# Recitation 16

Example 1: (a) Determine whether the sequence defined as follows is convergent or divergent. $a_1 = 1, a_{n+1} = 4 - a_n$ for $n\geq 1$. (b) What happens if the first term is $a_1 = 2$?

Hint: (a) It a sequence of alternating $1$ and $3$. (b) It is a constant sequence.

Example 2: Suppose you know that $\{a_n\}$ is a decreasing sequence and all its terms lie between $5$ and %8. Explain why the sequence has a limit. What can you say about the value of the limit?
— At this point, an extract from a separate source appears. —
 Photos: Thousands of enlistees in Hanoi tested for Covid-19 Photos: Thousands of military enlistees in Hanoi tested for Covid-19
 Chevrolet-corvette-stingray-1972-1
Hint: Use the monotonic sequence theorem and the sandwich theorem.

Example 3: Determine whether the sequence is increasing, decreasing or not monotonic. Is the sequence bounded? (a) $a_n = (-2)^{n+1}$; (b) $a_n = 1/(2n+3)$; (c) $a_n = (2n-3)/(3n+4)$; (d) $a_n = n + 1/n$.

Hint: (b) $0 < a_n < 1$; (c) $-1 < a_n < 1$ and $a_n = \frac{2}{3} - \frac{17}{3(3n+4)}$; (d) $a_{n+1} - a_n = 1 - \frac{1}{n(n+1)} > 0$.
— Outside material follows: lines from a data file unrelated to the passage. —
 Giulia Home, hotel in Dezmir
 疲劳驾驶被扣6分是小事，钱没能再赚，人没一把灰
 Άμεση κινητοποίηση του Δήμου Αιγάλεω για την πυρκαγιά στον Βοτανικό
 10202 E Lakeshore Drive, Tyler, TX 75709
Example 4: Show that the sequence defined by $a_1 = 1, a_{n+1} = 3 - 1/a_n$ is increasing and $a_n < 3$ for all $n$. Deduce that $\{a_n\}$ is convergent and find its limit.
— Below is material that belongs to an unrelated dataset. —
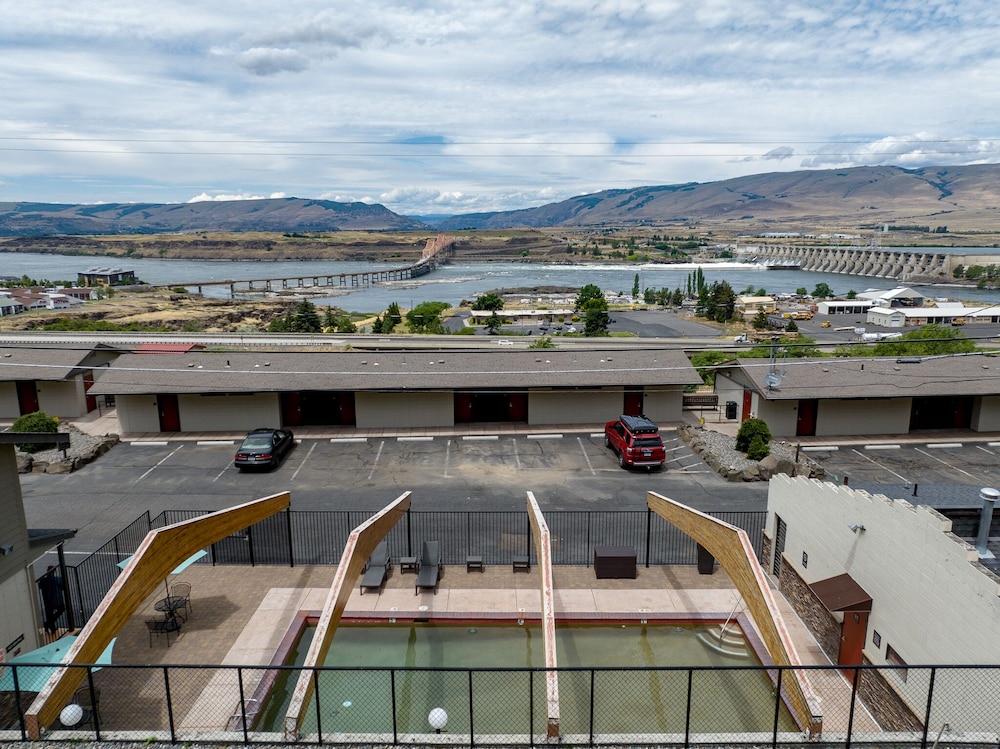 Celilo Inn 1/56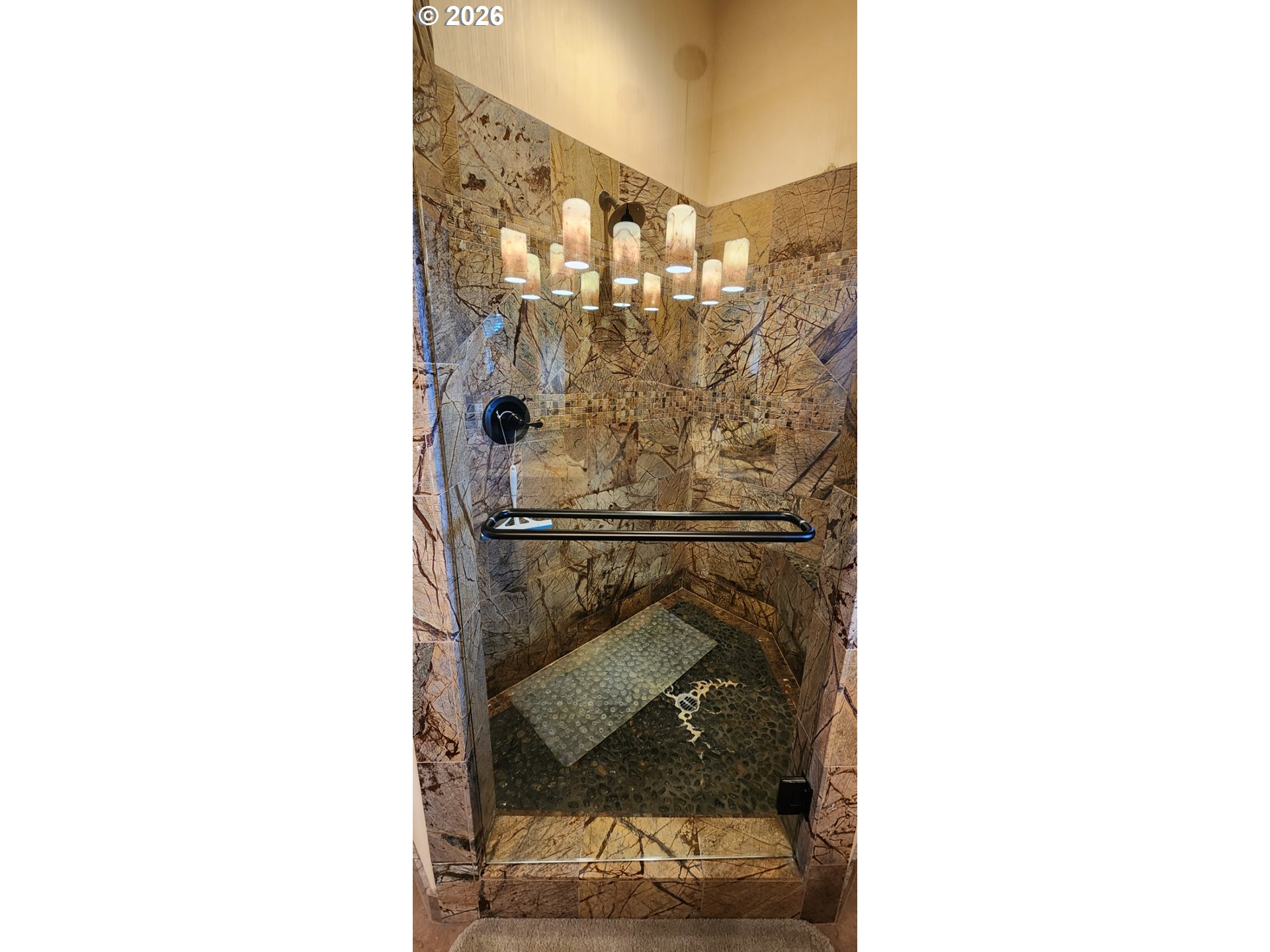 94787 Adams Hill Road Gold Beach, OR 97444 - Photo 21 of 40 Owner's Suite Bathroom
Solution: First of all, we want to show that $1 \leq a_n < 3$ for all $n$. Since $a_1$ already satisfies the hypothesis, it suffices to show if $1 \leq a_n < 3$, so is $a_{n+1}$ (see the remark below for further discussion). Since $a_{n+1} = 3 - 1/a_n$ and $1 \leq a_n < 3$, $1 < 3 - 1/1 \leq 3 - 1/a_n < 3 - 1/3 < 3$, hence $1 \leq a_{n+1} < 3$. Secondly, since $a_1 = 1 < 2 = a_2$, to show that $a_n < a_{n+1}$, it suffices to show that if $a_{n-1} < a_n$ then $a_n < a_{n+1}$ for all $n > 1$ (again see the remark below). Because $0 < a_{n-1} < a_n$, we know that $a_n = 3 - 1/a_{n-1} < 3 - 1/a_n = a_{n+1}$. This ends the proof of the monotonicity. Because the sequence is monotonic and bounded, it converges by the monotonic sequence theorem. Let $L$ be its limit. Then $1\leq L\leq 3$ and $L = 3 - 1/L$. Solve the equation and get $L = \frac{3+\sqrt{5}}{2}$.

Remark: The idea used in the proof is mathematical induction which is commonly used in mathematical proof.